# (Seattle) genteel elderly lady rat seeks calm, altered companion



## noncewords (Jul 24, 2013)

My sweet old-lady rat has just lost her cagemate, and she's such a social girl that I'd really like her to have a friend again for however much time she has left.

I have three other rats in a separate group, but one of them is an unaltered male, and I got Li'l Gray when she was a bit too old for a spay herself. I also suspect that two of the three rats in that group are a little too boisterous for her, and I'm reluctant to split up the happy trio.

Ideally, I'd find a solo rat who also needs a buddy. This addition would need to be an adult & on the calmer side, because Li'l Gray is 3, and her back legs don't work so well anymore. I'd need this new friend to be either a neutered male (no geriatric pregnancies please!) or a spayed female (so that she can be introduced to the three other rats when Li'l Gray is no longer with us). However, for a good personality fit, I'd certainly have a rattie altered so long as he or she was young enough for that to seem safe.

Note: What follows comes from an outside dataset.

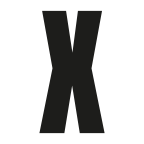 cmxs GmbH Logo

I realize that this is a long shot, but if anyone local has been thinking of re-homing a rat so that it can have a friend again, I'd appreciate hearing from you.


----------



## Augustine (Nov 14, 2011)

Would you be interested in adopting a rat from a rescue? I found them the other day when I was looking for shelters/rescues that have rats available on petfinder. They have a number of rats available, some altered, others not. (though it seems that they will alter them for you prior to the adoption if you pay extra for it) 

this is their website: http://www.bfrr.org/available-best-friends.html


----------



## noncewords (Jul 24, 2013)

Thanks! I've already emailed that rescue, describing the situation and asking if any of their ratties seem like a good fit. On petfinder it looks like they mostly have young rats right now, but I'm hoping they'll have someone perfect in mind.

Though I haven't adopted from BFRR so far, I do prefer to adopt from rescues. My three downstairs ratties (the rambunctious trio) are from Rabbit Meadows, which is a really awesome mostly-rabbits rescue.


----------